**WHAT TO WORK ON**
Could you repeat every entry below word for word, leaving out the pictures?

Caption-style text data

-----

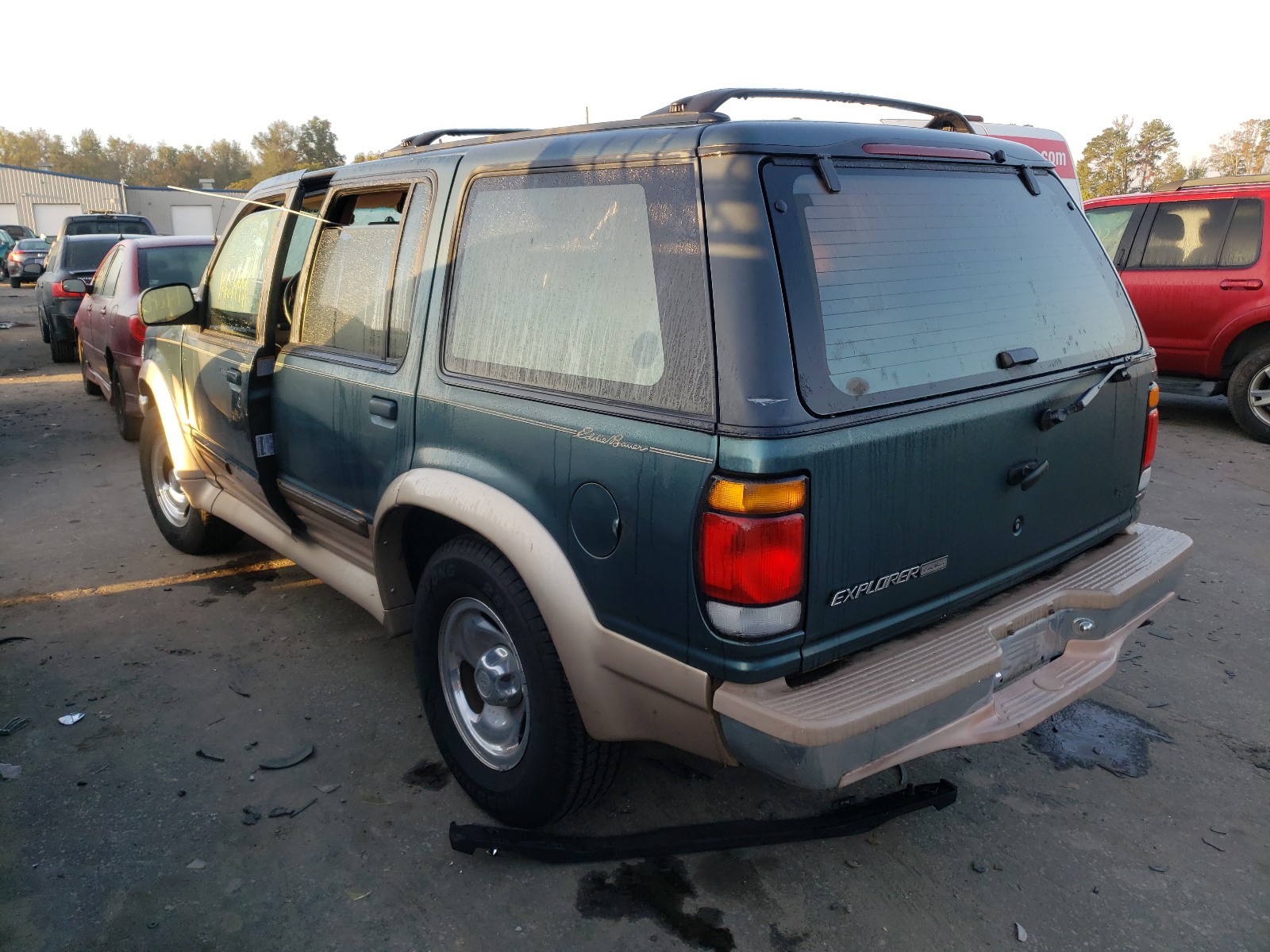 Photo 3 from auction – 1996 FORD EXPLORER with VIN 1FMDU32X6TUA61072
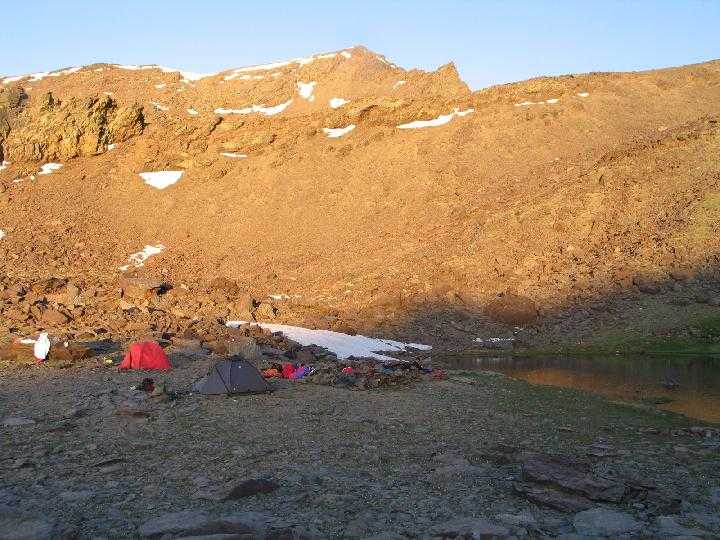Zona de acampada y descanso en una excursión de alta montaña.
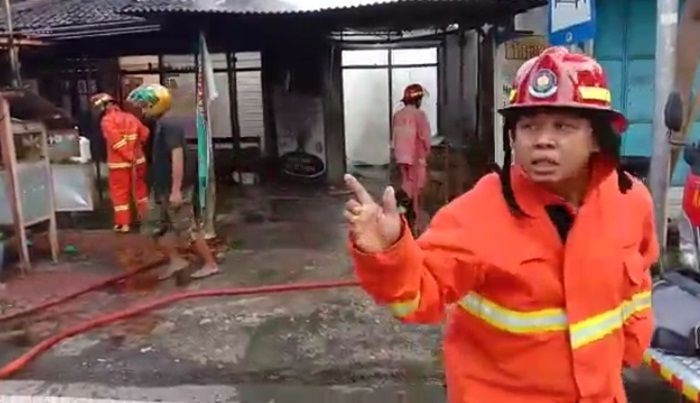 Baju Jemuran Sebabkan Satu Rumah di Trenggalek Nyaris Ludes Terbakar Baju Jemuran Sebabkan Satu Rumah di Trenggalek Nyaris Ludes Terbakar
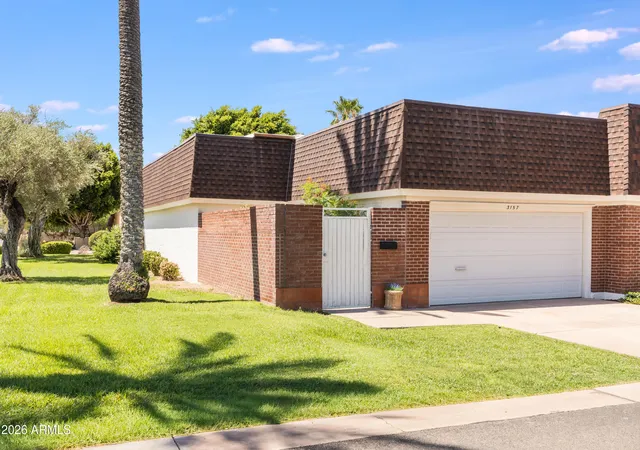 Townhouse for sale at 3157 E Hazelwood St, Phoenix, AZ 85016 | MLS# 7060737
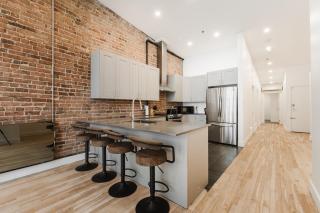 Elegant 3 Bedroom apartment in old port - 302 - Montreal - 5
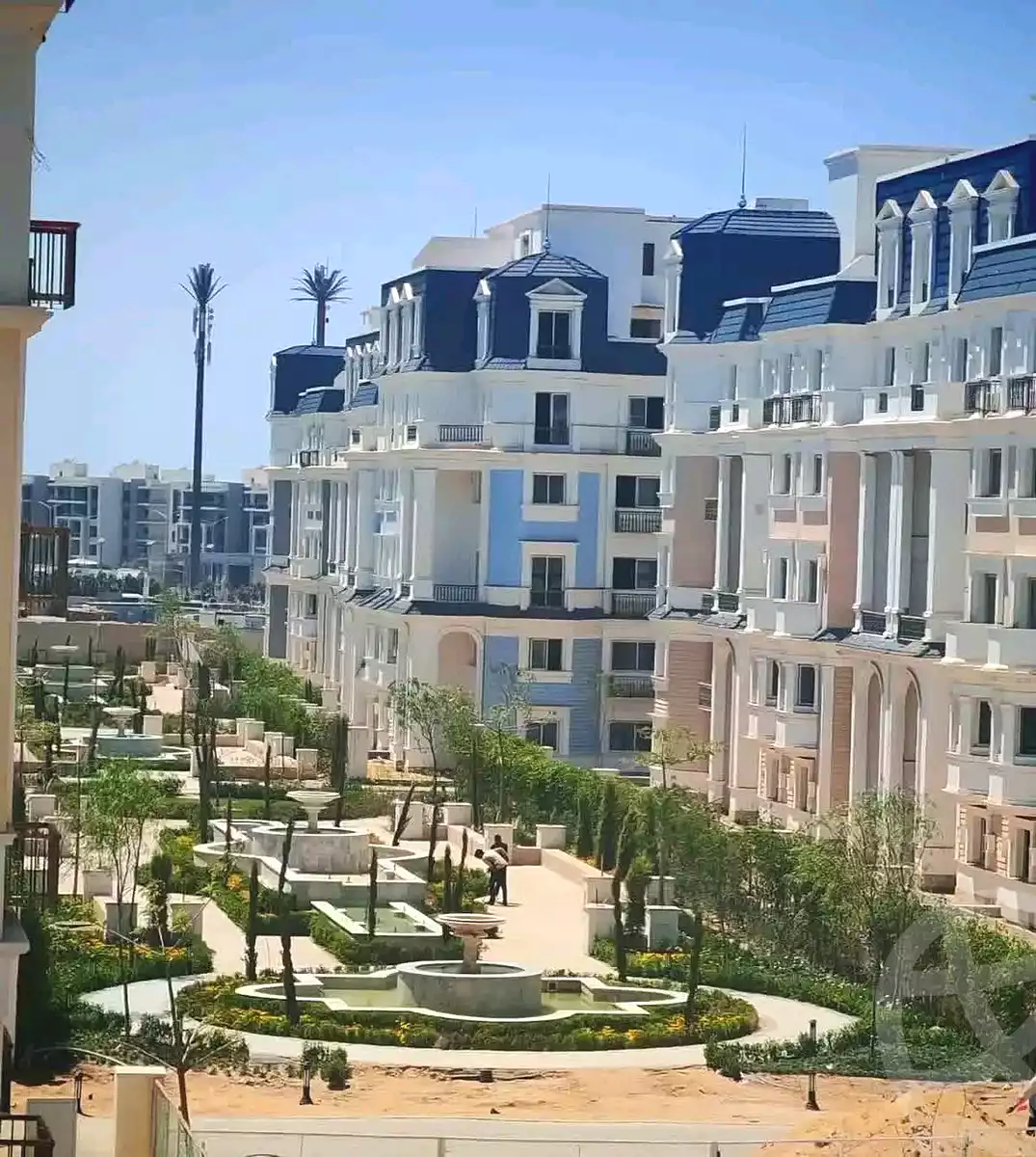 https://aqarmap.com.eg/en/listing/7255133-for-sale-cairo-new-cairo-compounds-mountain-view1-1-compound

-----

**FINISHED EXERCISE**
 Photo 3 from auction – 1996 FORD EXPLORER with VIN 1FMDU32X6TUA61072
Zona de acampada y descanso en una excursión de alta montaña.
 Baju Jemuran Sebabkan Satu Rumah di Trenggalek Nyaris Ludes Terbakar Baju Jemuran Sebabkan Satu Rumah di Trenggalek Nyaris Ludes Terbakar
 Townhouse for sale at 3157 E Hazelwood St, Phoenix, AZ 85016 | MLS# 7060737
 Elegant 3 Bedroom apartment in old port - 302 - Montreal - 5
 https://aqarmap.com.eg/en/listing/7255133-for-sale-cairo-new-cairo-compounds-mountain-view1-1-compound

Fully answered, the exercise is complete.